Tim Sakhorn re-ordained in Phnom Penh, then fled to Thailand

16 April 2009
By Moeung Tum
Radio Free AsiaTranslated from Khmer by Heng Soy @ KI-Media

Novice monk Tim Sakhorn is currently in hiding in Thailand and he is seeking a refugee status to avoid being deported back to Vietnam.

Novice monk Tim Sakhorn informed RFA, slightly ahead of this broadcast, that his decision to flee Cambodia was because of the various signs he saw there that indicated to him that there would be no tolerance for him to live in peace with his relatives and his old father, this in spite of the guarantee provided from the upper level of the Cambodian authority allowing him to live legally in Cambodia.

Novice monk Tim Sakhorn said: “The reason was that there is no safety. I went to ask for an ID at the village level, at the commune and district level, all the way to the abbot of the Kirivong district and the provincial police commission. They said, one after another that the Ministry of Interior confirmed in writing about the issuance of an ID for me. But one level of the authority said that it should be done by another level instead, so I was scared and I cannot endure living in Cambodia. So I traveled to Thailand to look for a safe refuge for myself.”

Novice monk Tim Sakhorn was the former abbot of the Wat Phnom Den pagoda, located in Kirivong district, Takeo province. He was defrocked by force by monks sent by the supreme patriarch (Tep Vong and Non Nget) on 30 June 2007. He was deported by force and put in jail for one year in Vietnam. He was accused of undermining the solidarity between Cambodia and Vietnam.

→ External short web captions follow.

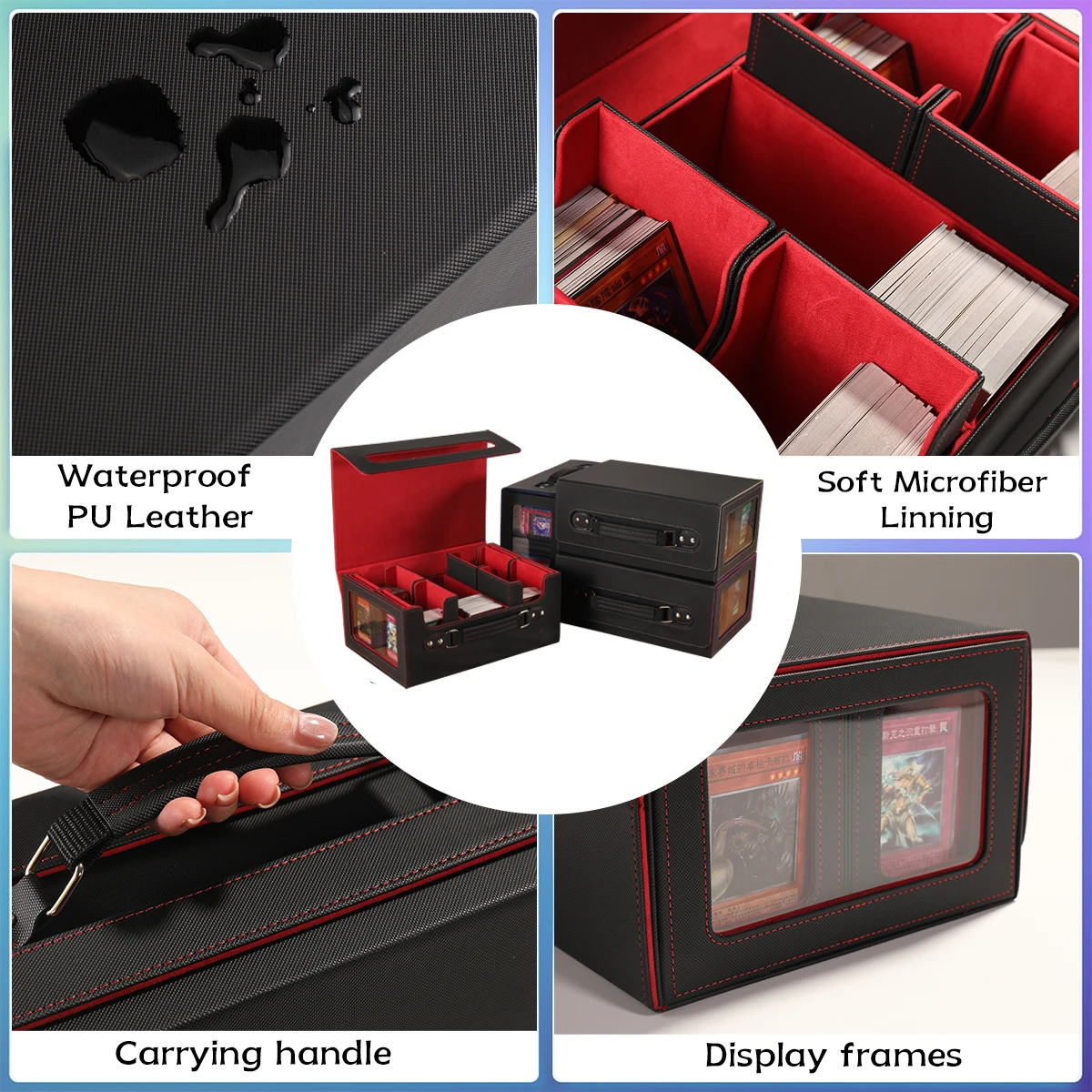 Card Box, Three Rows and Four Drawers Handheld Card Box, Multiple Colors to Choose from, Convenient for Going out and Storage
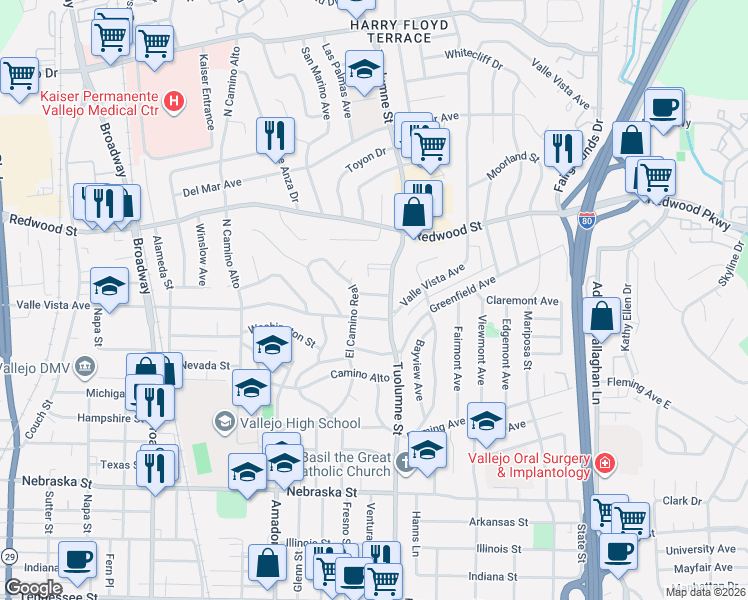 map of restaurants, bars, coffee shops, grocery stores, and more near 612 Valle Vista Avenue in Vallejo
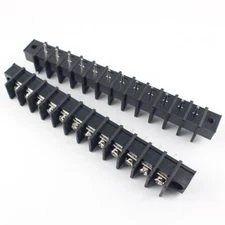 1pcs black 9.5mm pitch 12 pin barrier terminal block connector with screw hole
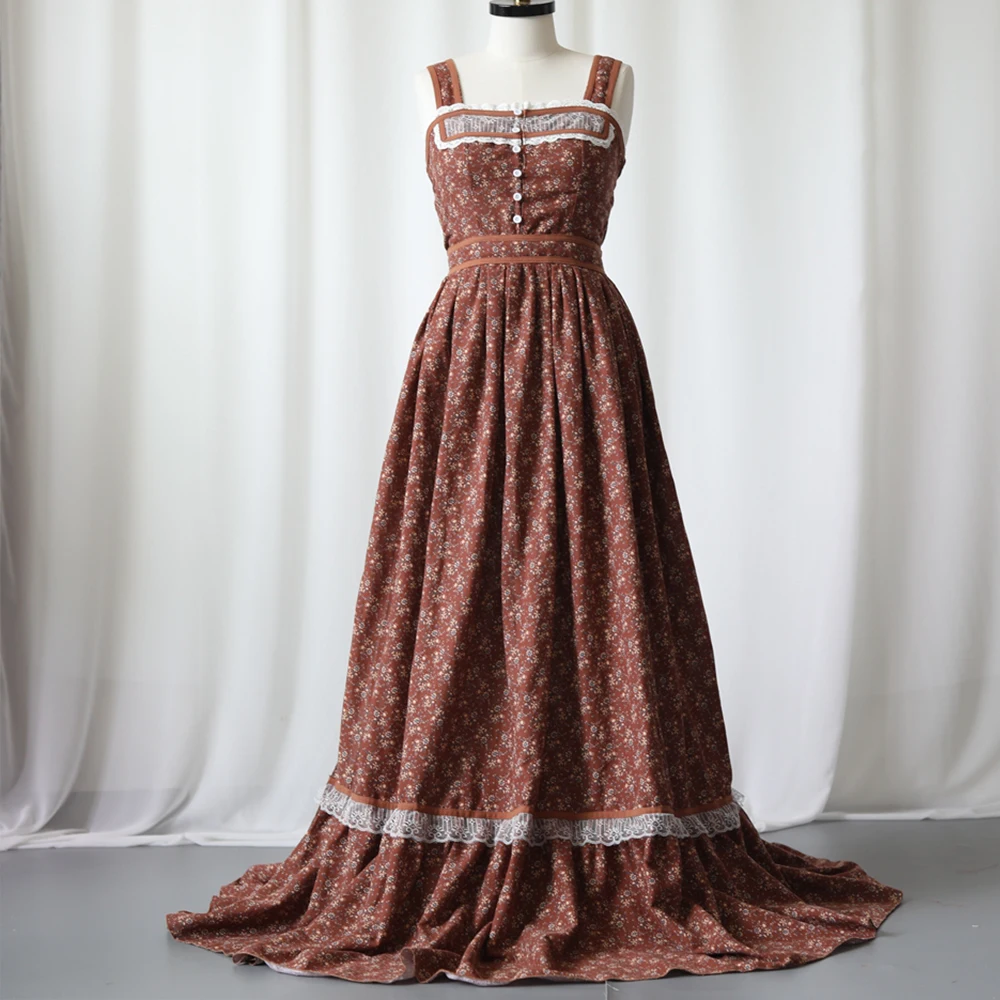 

Vintage Floral Maternity Maxi Dresses Pregnancy Photoshoot Pastoral Empire Waist Sweet Strapless Linen For Women Baby Show Gowns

At the end of last week, Tim Sakhorn was re-ordained again as a novice monk in a pagoda in Phnom Penh. Following this ceremony, on that same day, he fled to Vietnam through the Boeung Trakuon pass in Cambodia: “I was re-ordained on 11 April in Phnom Penh. I cannot tell you the name of the monk who officiated my re-ordainment, nor the names of the witnesses and pagoda. After being re-ordained, I traveled by moto-doup (taxi motorcycle) to Thailand.”